Il y aurait probablement quelques développements à effectuer pour rendre le système plus convivial, notamment dans l’administration et la mise à jour d’applications; mais c’est là un investissement relativement modeste comparé à la somme payée par les Européens en termes de licences Windows, système d’exploitation généralement préinstallé sur les nouveaux ordinateurs, et qu’il faut payer à nouveau lorsque l’on change de modèle.

Ce système d’exploitation européen pourrait bien entendu coexister avec Windows ou MacOS; des ordinateurs made for Europe pourraient inclure d’emblée et sans surcoût, en plus de UE/OS, un gestionnaire de machine virtuelle autorisant l’exécution de plusieurs systèmes d’exploitation sur la même plate-forme en quasi simultanéité et de manière suffisamment transparente pour ne pas perturber l’utilisateur lambda.
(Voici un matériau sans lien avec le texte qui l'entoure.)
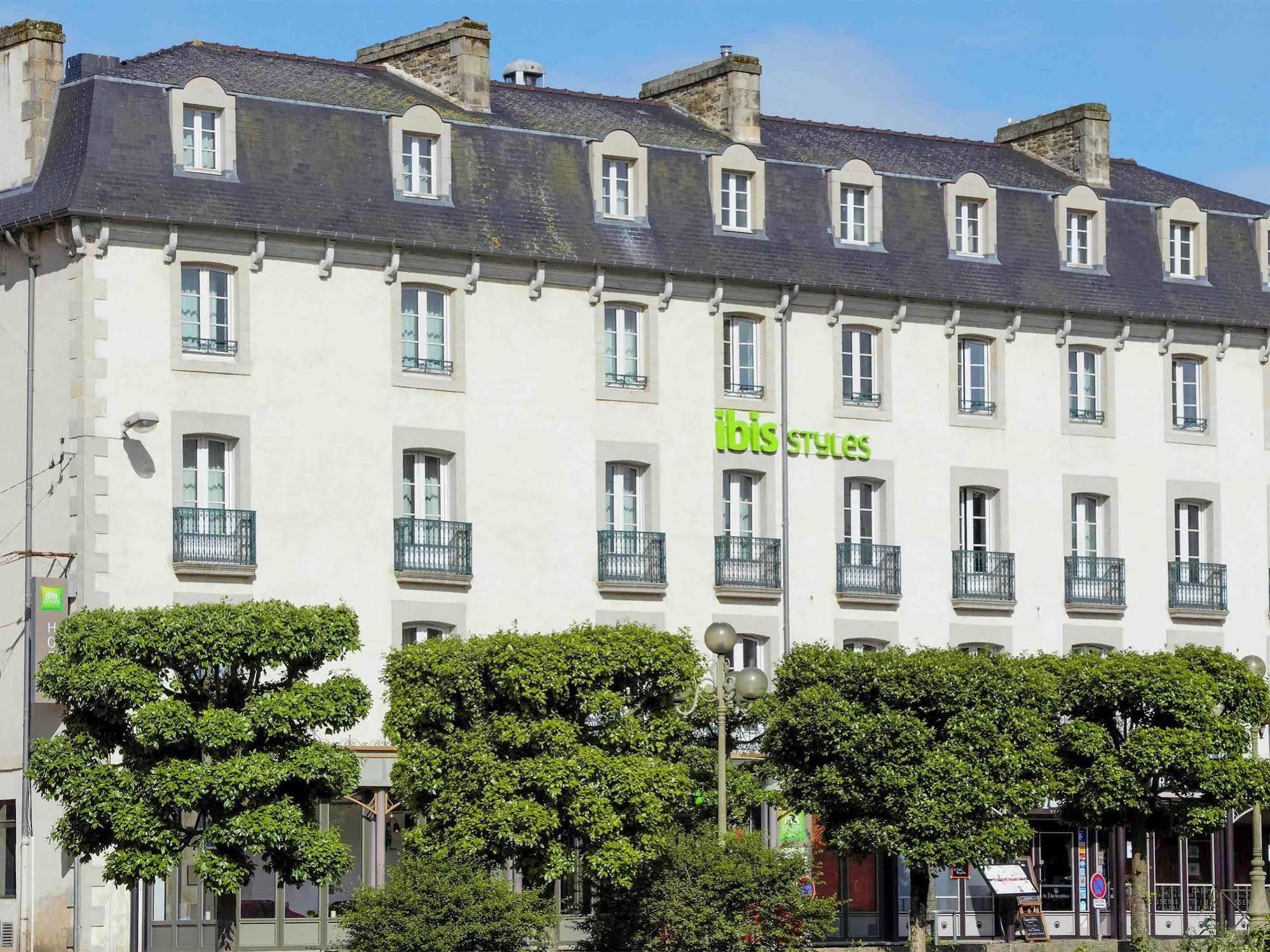 Ibis Styles Dinan Centre Ville Bagian luar foto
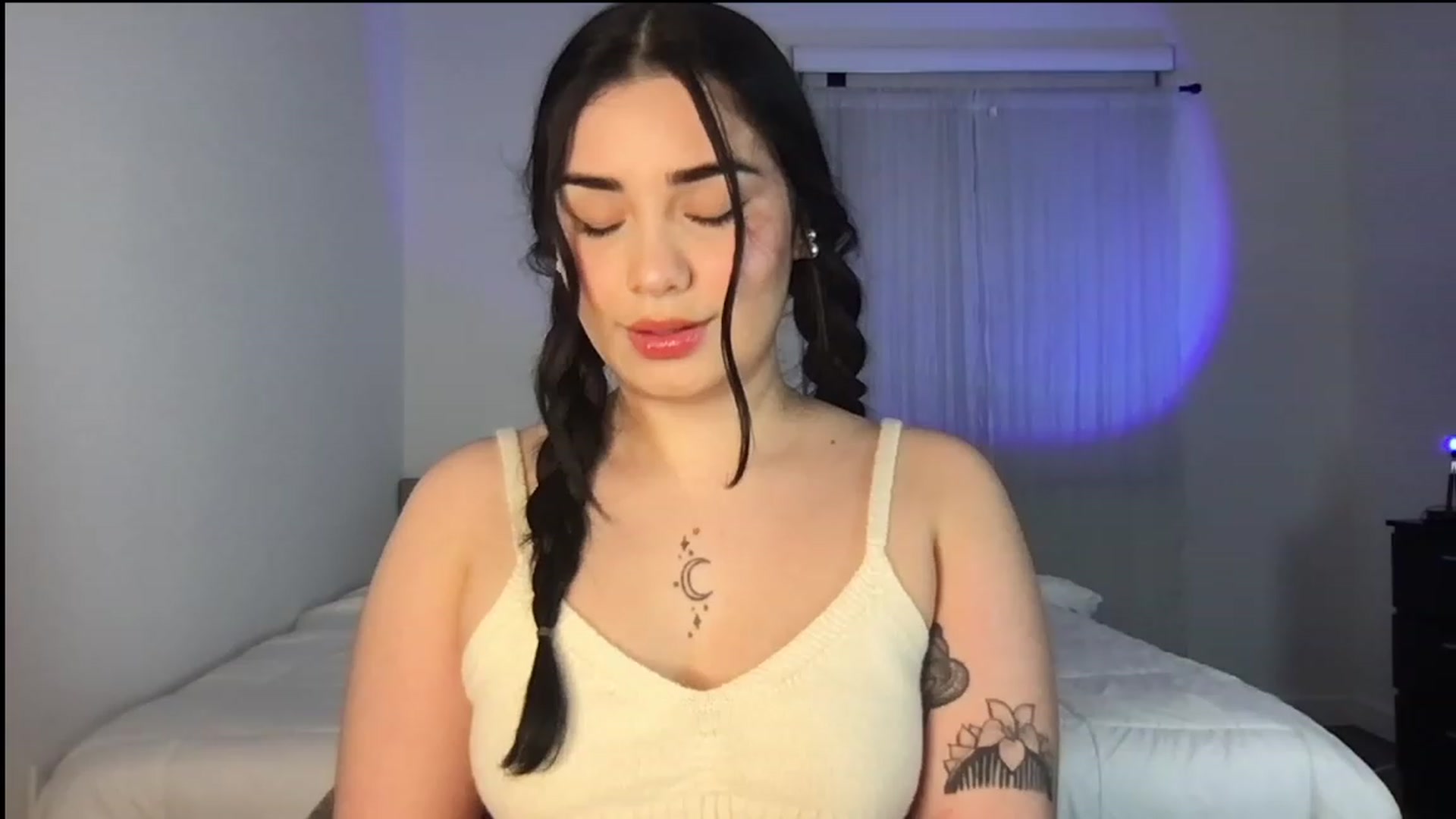 Gallery image thumbnail from babyxjulz's myfreecams stream on, 02/21/2023, 05:15 image 5 of 20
Le prix à payer pour les équipes de maintenance et de développement de ce système serait largement compensé par la réduction progressive du nombre de licences payées aux éditeurs de logiciels américains. Quant aux éditeurs de logiciels qui dépendent des licences vendues pour exister (comme DXO, justement), il y a sûrement un modèle de licence à définir pour que ces sociétés puissent continuer à vendre leurs licences sur UE/OS, même si ce dernier reste Open Source et gratuit.

Les apôtres de l’ultralibéralisme vont bien sûr crier à l’ingérence excessive de l’Etat, arguant que la distribution de logiciels et l’installation d’un système d’exploitation ne saurait être gérée que par des privés. Mais je note toutefois que

  1. Un système d’exploitation est. à l’âge numérique, une ressource de base; la société civile a besoin d’un gouvernement et d’une autorité pour organiser la coexistence et appliquer les règles votées par les citoyens ou leurs représentants. C’est exactement ce que réalise un système d’exploitation dans le monde numérique, Il n’est donc pas dénué de sens de confier cette tâche à une organisation étatique.
  2. Un ordinateur personnel manipule des données sensibles, qui actuellement peuvent être localisées un peu n’importe où dans le monde; protéger les données des utilisateurs est aussi une tâche importante qui ne devrait pas être confiée à n’importe quelle société basée on ne sait où.
  3. La cybercriminalité est en forte hausse, et il est plus que probable que la cyberguerre est d’ores et déjà en cours, même si tout le monde n’en a pas encore pris conscience. Protéger les utilisateurs contre les menaces est une des missions du gouvernement. Le protéger contre les cyber menaces par le biais d’outils sécuritaires installés nativement dans le système d’exploitation est certainement plus efficace et moins coûteux que -un exemple vraiment pris au hasard- acquérir des avions de combat.
  4. L’ultralibéralisme ne constitue pas à mes yeux un modèle exemplaire à suivre absolument. Bill Gates, Tim Cook, Sundar Pichai ont réalisé des fortunes indécentes en vendant -entre autres- des systèmes d’exploitation. Voulons-nous vraiment rendre ce genre d’ individus encore plus riches qu’il ne sont ?
  5. La cyber dépendance de l’Europe est presque totale. Si un jour un gouvernement américain, après une saute d’humeur, décide de taxer lourdement les utilisateurs non américains pour l’utilisation de logiciels vendus par des société américaines, il en a théoriquement le pouvoir. Ce serait peut-être une bonne idée que de réduire cette dépendance numérique.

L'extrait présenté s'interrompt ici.